Facebook takes on global Internet bottlenecks
Terragraph uses high-frequency radio waves to speed up networks where populations are dense. And ARIES aims to replace the slow wireless data service that prevails today in poorer and rural areas with faster, longer-range communications that accommodate more people, too.
The company doesn't plan to build the networks itself. Instead, it'll rely on Internet service providers and carriers, the company said.
That's probably good: a huge global industry is already working on many of the same challenges. The mobile networks that replace today's will become a \\$247 billion business in 2025, ABI Research expects. Facebook didn't say when it thinks the research projects will to mature into real-world services.
"We don't want to make things just a little bit better," said Jay Parikh, vice president of engineering at Facebook. "We're working on things that will make things 10x faster, 10x cheaper, or both."
The projects, unveiled in San Francisco during the second day of Facebook's developer-oriented F8 conference, show just how out of date you are to think Facebook is merely for keeping up with friends and family. It's the home of the Oculus Rift virtual-reality headset, the WhatsApp and Facebook Messenger communication services, the Instagram photo-sharing service, and as of Tuesday, computer-run chatbots to help businesses answer customer questions. Facebook's work on wireless networks is part of Chief Executive Mark Zuckerberg's effort to spread Internet access to everyone on the planet.
Zuckerberg brings a do-gooder vibe to the aspiration, but universal Internet access also makes business sense. The more people are online, the more they can use Facebook apps and see Facebook ads. Facebook drew controversy in February when Indian regulators rejected Free Basics, its program to offer people no-cost access to a limited number of Internet services -- including Facebook of course.

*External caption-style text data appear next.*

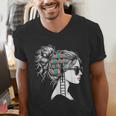 Bookworm Book Nerd Librarian Bookish Librarian Men's V-Neck T-Shirt Bookworm Book Nerd Librarian Bookish Librarian Men's V-Neck T-Shirt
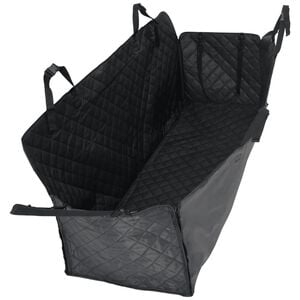 vidaXL Autostoelhoes voor honden 137x46x50 cm zwart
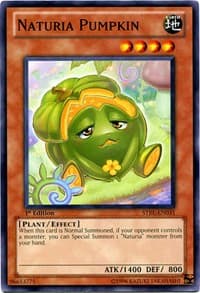 Naturia Pumpkin: Starstrike Blast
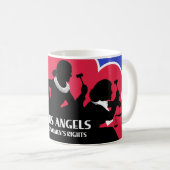Mug Anges de SCOTUS - édition (Sans Arme à feu) (Devant droit)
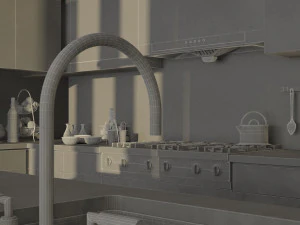 Kitchen 3D Model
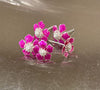 Image 1 of Default Title for the product Dista Silvers Pink Colour Flowers 10g Pack of 5
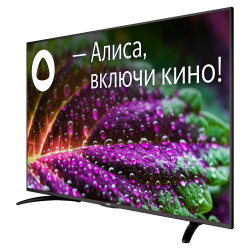 Телевизор ЖК 55" BKK 55LEX-8289/UTS2C черный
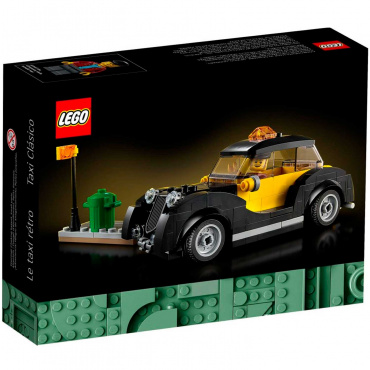 40532 Конструктор Creator "Винтажное такси"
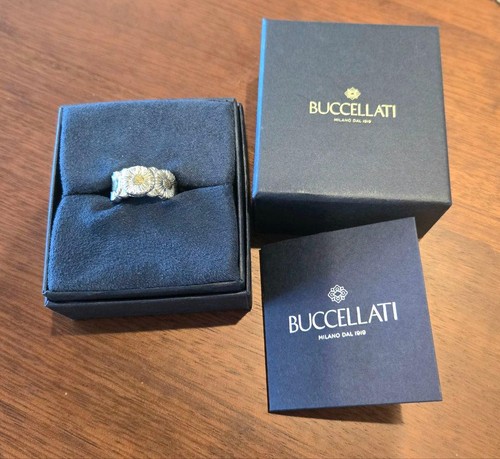 Buccellati blossom vermeil - buccellati,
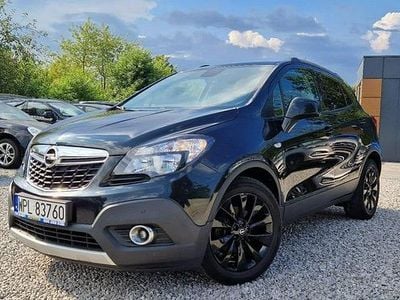 Czarny (metalik) Używany 2016 Opel Mokka Cosmo SUV | 43 900 zł (Uczciwa cena)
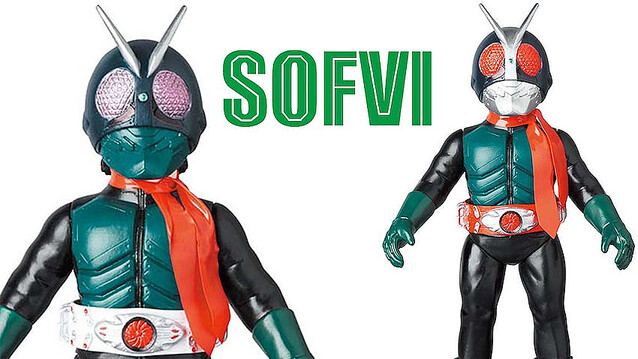 これも一つの原点回帰？ 『シン・仮面ライダー』がレトロソフビに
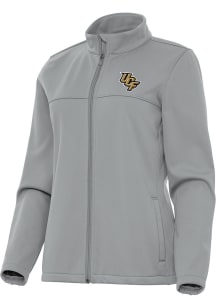 Antigua UCF Knights Womens Grey Links Light Weight Jacket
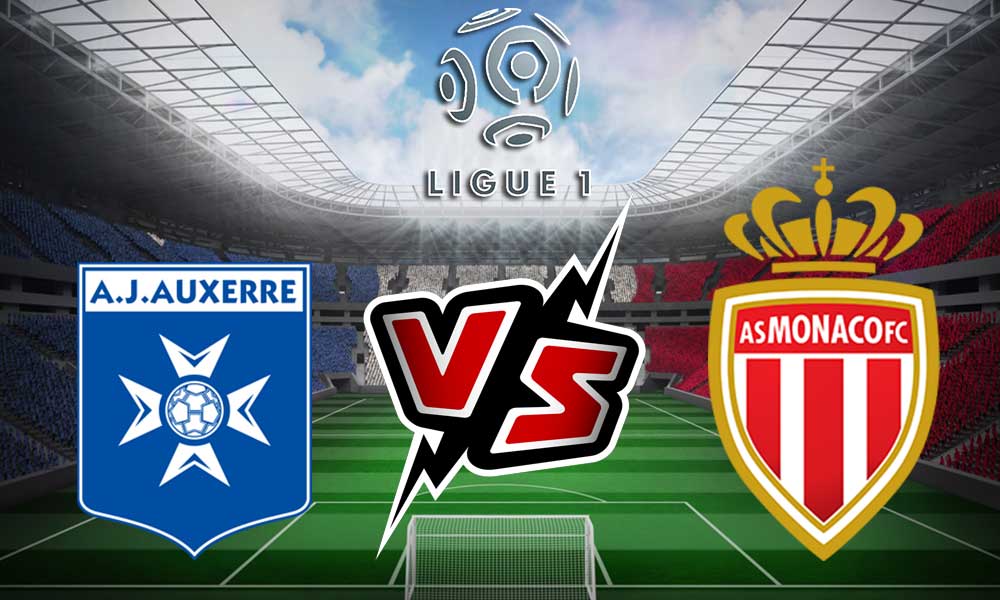 مشاهدة مباراة موناكو و أوكسير بث مباشر 2023-02-01 Monaco vs Auxerre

Facebook's highest-elevation ambition has been to connect remote locations to the Net from Aquila, a massive drone the company developed with the wingspan of a Boeing 737. Google and billionaire Elon Musk's rocket company, SpaceX, are also working on beaming Wi-Fi signals from high-altitude balloons and satellites.
Terragraph technology would blanket an area with antennas that could be mounted on streetlights. ARIES would fit onto existing mobile network antennas -- the big towers you'll see by highways and atop buildings.
Terragraph uses a modified version of an existing but uncommon technology called WiGig or 802.11ad. It employs airwaves where radio signals vibrate at 60GHz -- nearly 100 times the frequency used to broadcast TV and connect your phone to the network. These high frequencies are great because they can carry a lot of data and are free for anyone to use without expensive government auctions. But high-frequency radio signals also don't travel as far or penetrate walls as well, so you'll have to be closer to a Terragraph antenna for it to work. Facebook thinks Terragraph base stations will be located every 200 or 250 meters.
Facebook is using the technology on its own campus and plans a trial farther south in Silicon Valley in the city of San Jose, California.
ARIES (Antenna Radio Integration for Efficiency in Spectrum) is at an earlier stage of development. It's goal called spectral efficiency: squeezing as many bits of data as possible over a given region of airwaves. That helps you cram more people onto a network, but ARIES also is designed to improve transmission distances so people in remote areas get access.
In the long run, Facebook hopes, ARIES technology could be incorporated into the fifth-generation "5G" network that is expected to arrive starting in 2020 as a faster, more reliable way to connect our phones, cars and other devices to the network.